A small town seven miles away had electricity, so three men from Morrison's community went to talk to the electric company there, called Duke Power. The company offered to extend their power lines out to a main road close to some of the farmers. According to Morrison, the delegation then asked Duke's executives, " 'Will you serve the entire community?' They said, 'No.' And the wealthy farmers living on the road, who could have gotten it, would not accept it. They said, 'If you don't serve the entire community, we won't have it.' "

Instead, Morrison and his neighbors voted for something new, called a rural electric cooperative, owned by its members and jump-started with loans from a newly created federal agency.

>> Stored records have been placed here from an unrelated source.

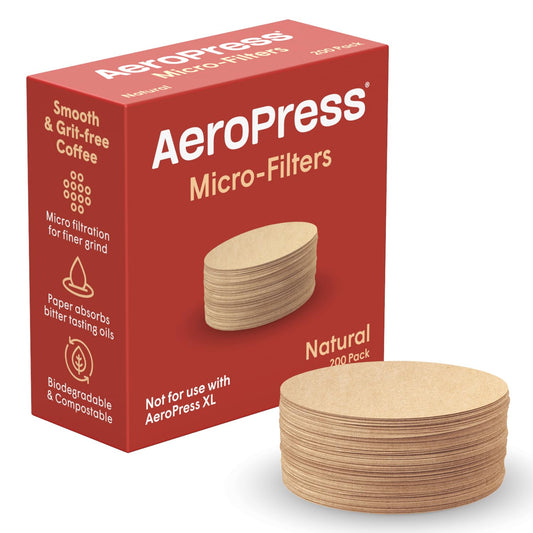 AeroPress Natural Paper Micro-Filters, 200 Count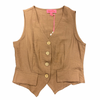Mocha Linen Vest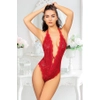 Krmz ift apraz pli Bodysuit - 891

The cooperative brought power lines. Electric lights, radios, and indoor plumbing soon followed. "It's almost indescribable," Morrison said, recalling the moment when electricity arrived. "It gave us new visions into what we thought we could do. What we would be able to do."

Hundreds of rural electric cooperatives still exist. They serve a majority of the country, measured in square miles. Those areas are often sparsely populated.

Curtis Wynn, president and CEO of Roanoke Electric Cooperative, wants to repeat history, and bring the clean energy revolution to Roanoke's service area, a part of northeastern North Carolina where main streets sometimes are lined with empty storefronts and twenty percent of the people earn less than the poverty level.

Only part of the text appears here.